I also photographed the event with my camera gear so I would have still imagery to share online and with media publications etc.
So for that, I used my Canon 5D mk iv and my profoto B10 light.
– did you have to clear out your house?
Well, I was very lucky that a couple moved out of the sharehouse during the lockdown period so their bedroom became a spare room/creative studio.
It was therefore mostly empty to begin with!
How long did the whole process take?
All up, it took 4 weeks from the ‘lightbulb moment’ when I decided to create a 3D exhibition.
Then I set a date for the launch night and another date a week before that to capture and create it all with the 360 degree camera, and then my regular camera for stills.
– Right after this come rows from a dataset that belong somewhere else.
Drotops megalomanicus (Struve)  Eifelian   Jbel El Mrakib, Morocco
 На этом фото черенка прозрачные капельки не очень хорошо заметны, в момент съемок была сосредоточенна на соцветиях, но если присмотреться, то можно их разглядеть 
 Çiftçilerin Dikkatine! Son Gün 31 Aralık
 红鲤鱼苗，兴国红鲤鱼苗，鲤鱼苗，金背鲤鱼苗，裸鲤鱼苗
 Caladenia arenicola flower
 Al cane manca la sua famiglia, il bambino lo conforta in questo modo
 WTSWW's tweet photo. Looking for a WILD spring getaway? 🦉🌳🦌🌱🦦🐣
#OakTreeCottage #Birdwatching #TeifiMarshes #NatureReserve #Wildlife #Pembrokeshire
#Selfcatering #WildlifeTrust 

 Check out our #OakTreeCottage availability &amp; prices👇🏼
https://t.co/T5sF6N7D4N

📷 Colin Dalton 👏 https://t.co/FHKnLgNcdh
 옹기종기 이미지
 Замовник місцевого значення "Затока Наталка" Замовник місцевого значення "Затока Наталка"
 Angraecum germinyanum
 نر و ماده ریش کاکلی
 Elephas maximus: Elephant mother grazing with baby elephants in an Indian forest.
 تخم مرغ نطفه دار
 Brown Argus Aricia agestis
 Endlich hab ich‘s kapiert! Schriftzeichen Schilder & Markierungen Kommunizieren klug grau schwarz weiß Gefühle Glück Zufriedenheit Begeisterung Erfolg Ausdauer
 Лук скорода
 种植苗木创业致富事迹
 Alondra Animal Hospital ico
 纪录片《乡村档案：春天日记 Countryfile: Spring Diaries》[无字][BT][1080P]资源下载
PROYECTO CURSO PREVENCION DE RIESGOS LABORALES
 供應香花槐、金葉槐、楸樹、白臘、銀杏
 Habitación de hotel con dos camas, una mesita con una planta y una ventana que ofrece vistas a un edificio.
It weirded me out big time that all the excitement happened the Friday night before anyone saw it online. Like all the flowers and food were well and truly dead and demolished when the ‘event’ launched and everyone saw it for the first time.
Were there any unexpected hurdles?
Hah. Of course. Other than the 3 people I was living with, no-one could be in contact with each other, so rather than lett the other exhibitors come into the space and help set-up, it all pretty much had to be done by me. This was exhausting. I greatly underestimated how long it would take to build all the layers in the Matterport platform. It was quite ambitious to exhibit all 20 framed prints and tag each product etc. And then incorporate information, edit a music video and photography, create recipe cards and add breakout hyperlinks for the other businesses/creatives too.
Were you happy with how it turned out / would you do it again?
Positively thrilled. I’m so proud of how it all came together by some incredibly talented people.
Would I do it again? Hah. For sure… if I got paid a lot of money to do it! Or, if it was in a completely new setting with totally different circumstances and a concept to play with. Sure.